Взгляд на прошлое – лишь частный случай большого общественного раскола.
В коллизии с «кающимся мальчиком» Николаем Десятниченко самая бесспорная величина те, кто негодует и проклинает мальчика. Вот по их поводу никаких сомнений, кажется, и быть не может; о них даже не скажешь, что они не правы, там нет такой категории, как правота или неправота, вместо нее там мертвечина казенной идеологии, поддерживаемой только государственным ресурсом. С некоторых пор существует слово «победобесие», но и оно не вполне адекватно, потому что, если риторика и поведение бесноватых на протяжении долгого времени полностью совпадает с официальной генеральной линией, есть большие сомнения в том, что перед нами бесноватые – скорее симулянты, которые играют в победобесие, пока это выгодно, модно, положено, а когда генеральная линия сменится, закончится и игра.
Религиозное следование государственному историческому канону – это в любом случае навязанная модель поведения, и претензии здесь логичнее предъявлять тем, кто такую модель навязал, но они-то как раз либо молчат, либо даже, как Дмитрий Песков, выступают с примиренческих позиций, делая ситуацию еще более абсурдной, поэтому спорить о мальчике в любом случае не с кем и незачем – кажется очевидным, что люди, затягивающие традиционную шарманку о попранных святынях, либо неискренни, либо не уполномочены вести дискуссии, потому что должны оставаться в заданных ранее рамках.
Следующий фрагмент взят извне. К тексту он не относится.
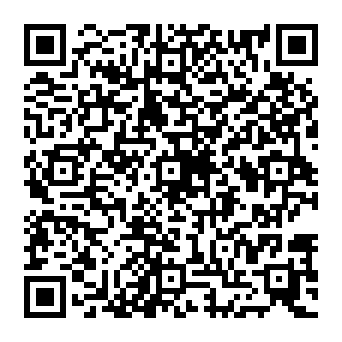 QR b174f04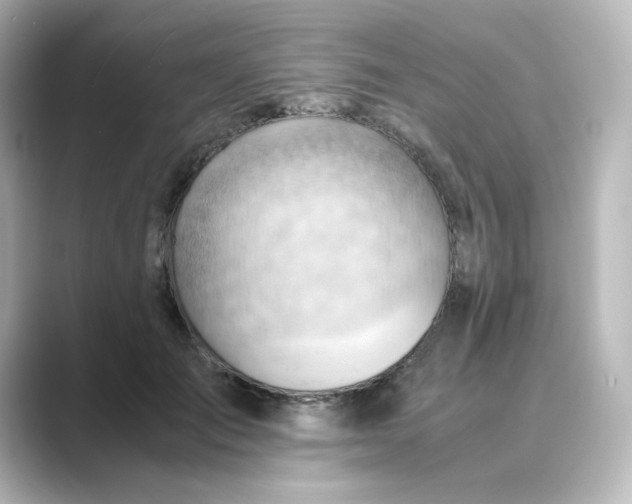 X0000088740701200706212057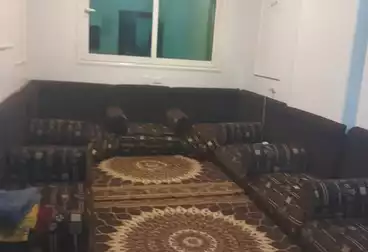 شقق للبيع - 2 غرف - بالدور 5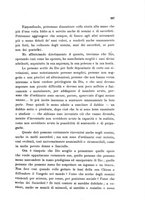 giornale/CFI0440841/1910/V.4/00000439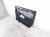 2020 Honda Odyssey Trim / Liner Rear Driver Interior Door Panel Grey 83751 THR A01ZC Replacement 2020 Honda Odyssey Trim / Liner Rear Driver Interior Door Panel Grey 83751 THR A01ZC Replacement thumbnail
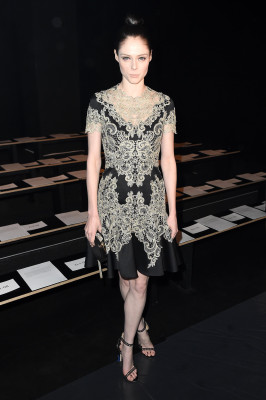 Coco Rocha pic #1294810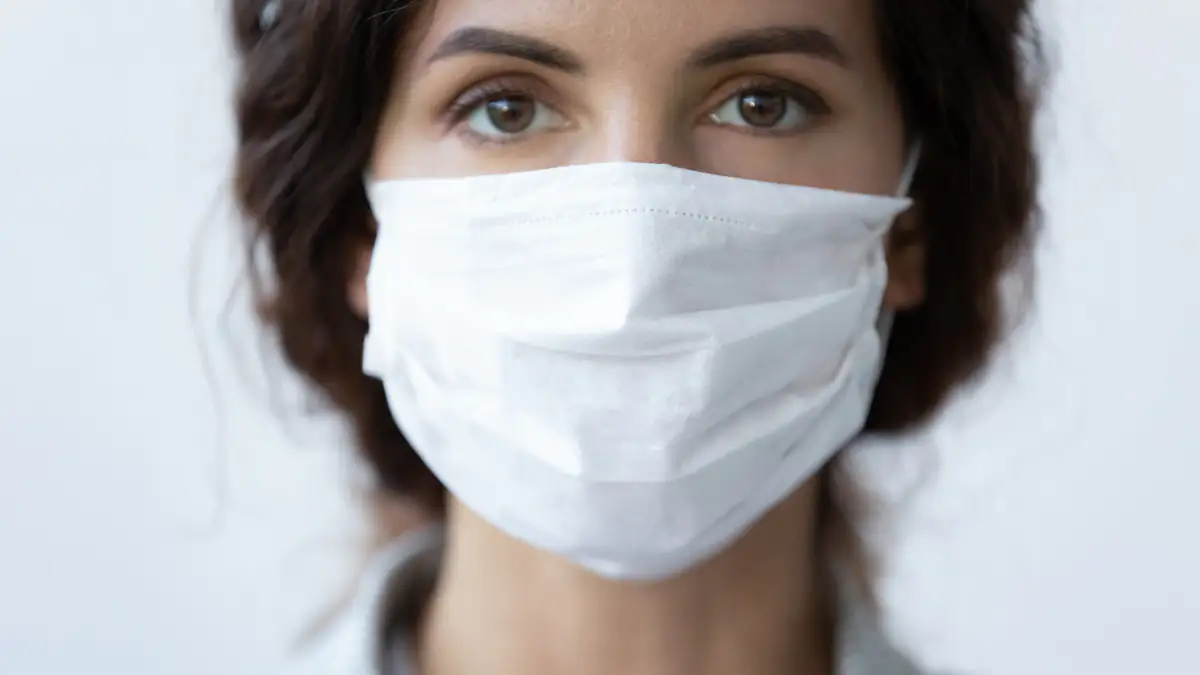 Die Corona-Regeln für den Herbst stehen fest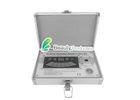 41 Reports Quantum Resonance Magnetic Analyzer , quantum body health analyzer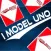 IModelUNO With Your People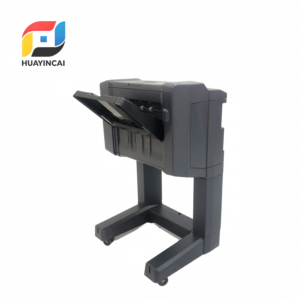Kyocera DF-7120 Document Finisher for TASKalfa 2552ci 2553ci 3253ci 4053ci 4054ci 5054ci 6054ci
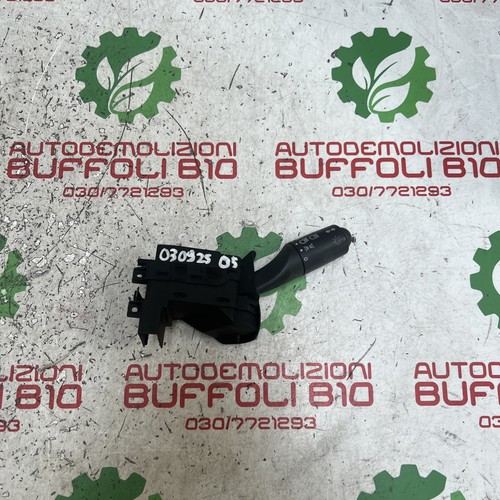 Devioluci smart for - sx,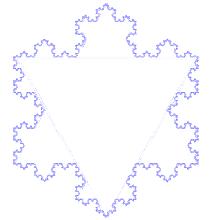 爱数学全套免费版,爱数学解题视频
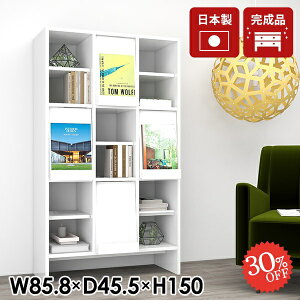 {I i t e Lrlbg tbvt [{bNX  rt gsv A4 R~bNbN TCh{[h ؐ [ G{I rO{[h gݗčς 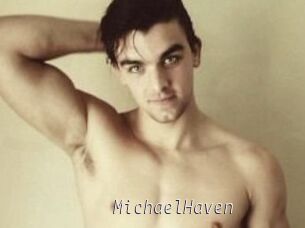 MichaelHaven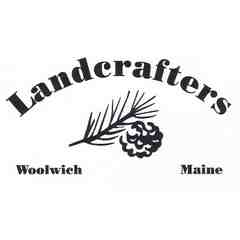 Landcrafters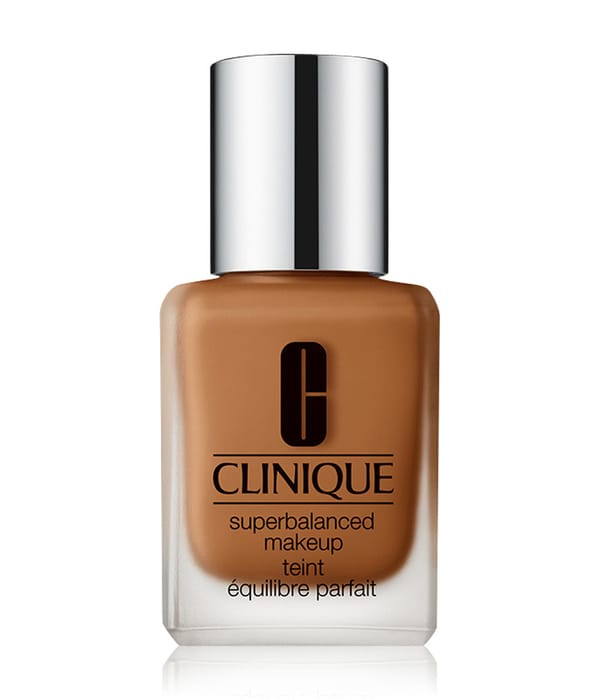 Productafbeelding 1 van 1, CLINIQUE Superbalanced Vloeibare foundation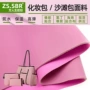 高弹防水减震neoperene复合布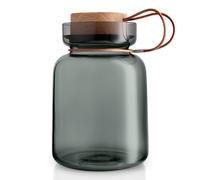 Tarro de cocina SILHOUETTE, 1,5 litros, Eva Solo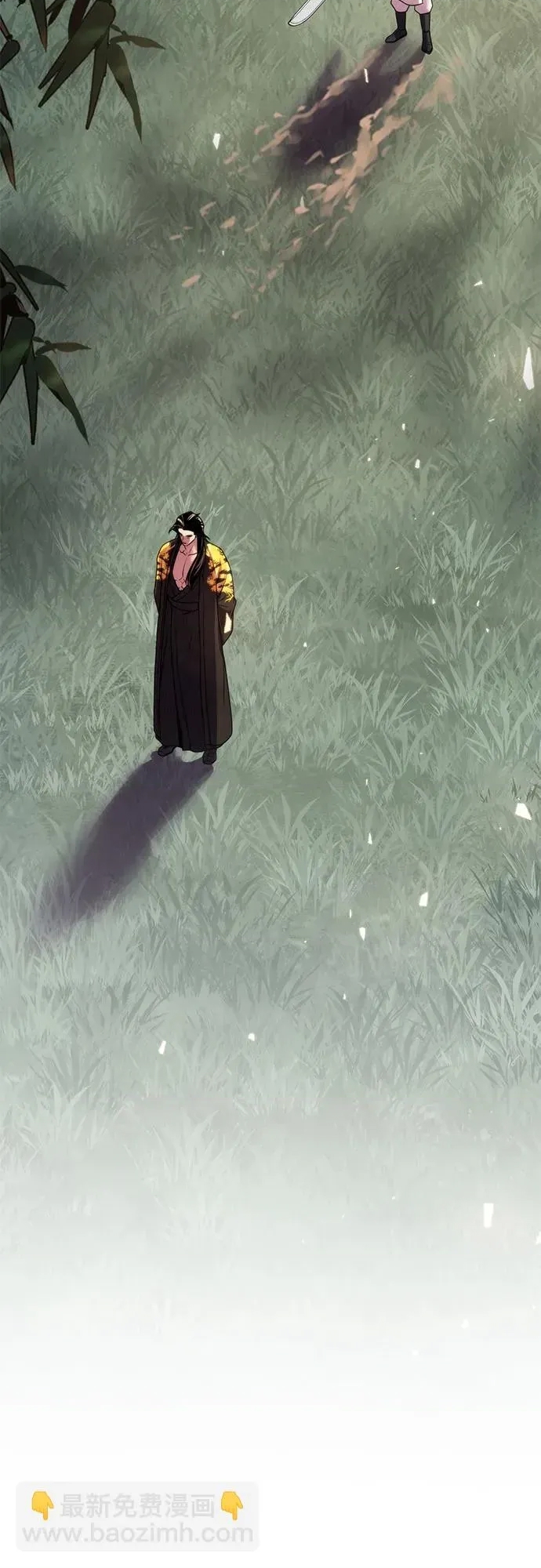第 69 页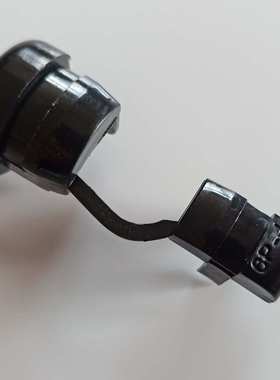 2-4n  46n3 -7n2  扣扣 7p 线卡阻燃-   电源线6p3线6p5n6n5p4k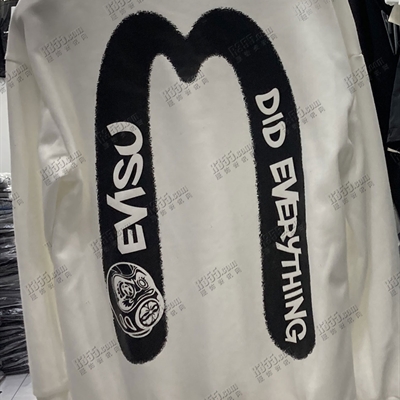 市场上装-卫衣-休闲卫衣【实拍】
В любом случае позиция «давайте напишем на него в ФСБ, давайте проверим его учителей, давайте проверим мэрию Нового Уренгоя» – безнравственна, отвратительна и не заслуживает оправданий.
Здесь логика подсказывает, что если мальчика ругают циники и обманщики, то мальчик должен быть заведомо хорошим – но это как раз уже спорная территория хотя бы с той точки зрения, что душа тинейджера всегда потемки, и к тому же тинейджеры, как и дети вообще, как и молодежь, лучше многих умеют произносить то, что положено, и то, чего от них ждут; нет более талантливых конформистов, чем дети и подростки, и даже когда мальчик говорит то, что вам нравится, не спешите к нему с умильными объятиями – вы и ему сделаете только хуже, и себе обеспечите последующее разочарование. Устами тинейджеров истина не глаголет, и разумнее было бы разделить личность оратора и содержание его речи. Личность – не трогать, содержание – обсуждать так, как если бы это была анонимная рукопись, найденная в Бундестаге.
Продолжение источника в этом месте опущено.